May 31 (final lecture): I showed that the p-system and the Euler equations are strictly hyperbolic systems (under natural assumptions). The solution of the Riemann problem for convex scalar conservation laws was derived. Finally, I discussed briefly the Kruzkov entropy condition and the correpsonding existence and uniqueness result.
Updated Syllabus/achievement requirements: Material covered in Evans' book: Chapter 8 (Calculus of variations) except 8.3, 8.4.4 (b), Chapter 9 (Nonvariational techniques) except 9.4, 9.5, Chapters 11 + 3 (Conservation laws): 11.1, 11.4.2, 11.4.3 (including Theorem 3 but not the proof), 3.4.2, 3.4.3, 3.4.5.
Written lecture notes on weak convergence methods available here
May 24: I continued with the theory of systems of conservation laws; The focus was on the notion of strict hyperbolicity and the derivation of some useful results about matrices that satisfy the strict hyperbolicity condition.
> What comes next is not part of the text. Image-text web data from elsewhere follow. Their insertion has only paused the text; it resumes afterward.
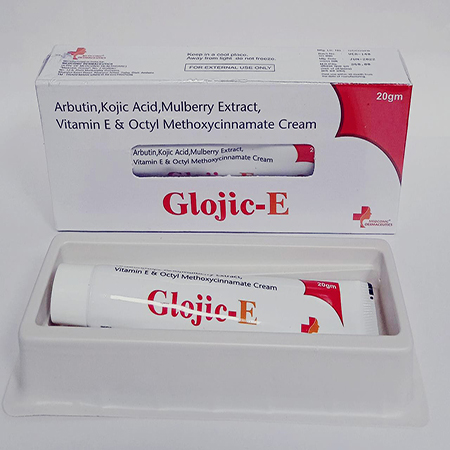Product Name: Glojic E, Compositions of Glojic E are Arbutin,Kojic Acid Mulberry Extract,Vitamin E & Octyl Methoxycinnamate Cream - Ronish Bioceuticals
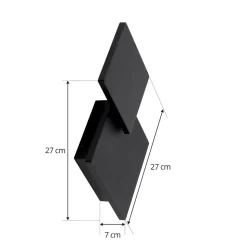 Lucande LED-væglampe Elrik, sort, 27 cm høj, metal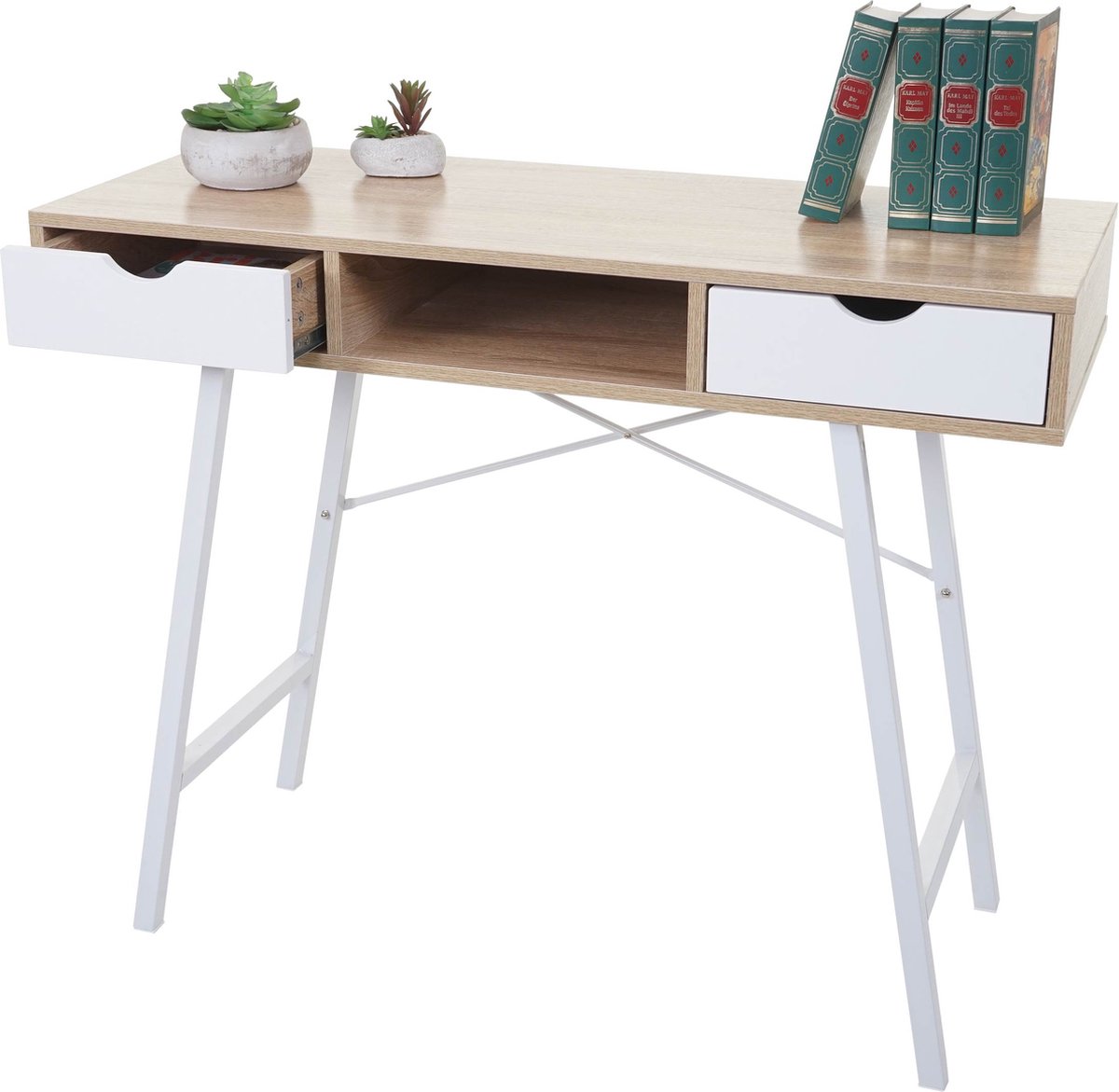 Cosmo Casa Console tafel - Bijzettafel- 3D-Structuur 100x40cm - Natuurlijk- Bruin -Wit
Next week: The plan is to solve the (scalar) Riemann problem.
May 10/11: This week I started with conservation laws. I introduced the equations, defined weak solutions and explained why we need them, and derived the Rankine-Hugoniot jump condition. Finally, I introduced the (traveling wave/vanishing viscosity) entropy condition for scalar conservation laws, which is a condition that encodes the missing physics in conservation laws and consequently restores the uniqueness of weak solutions.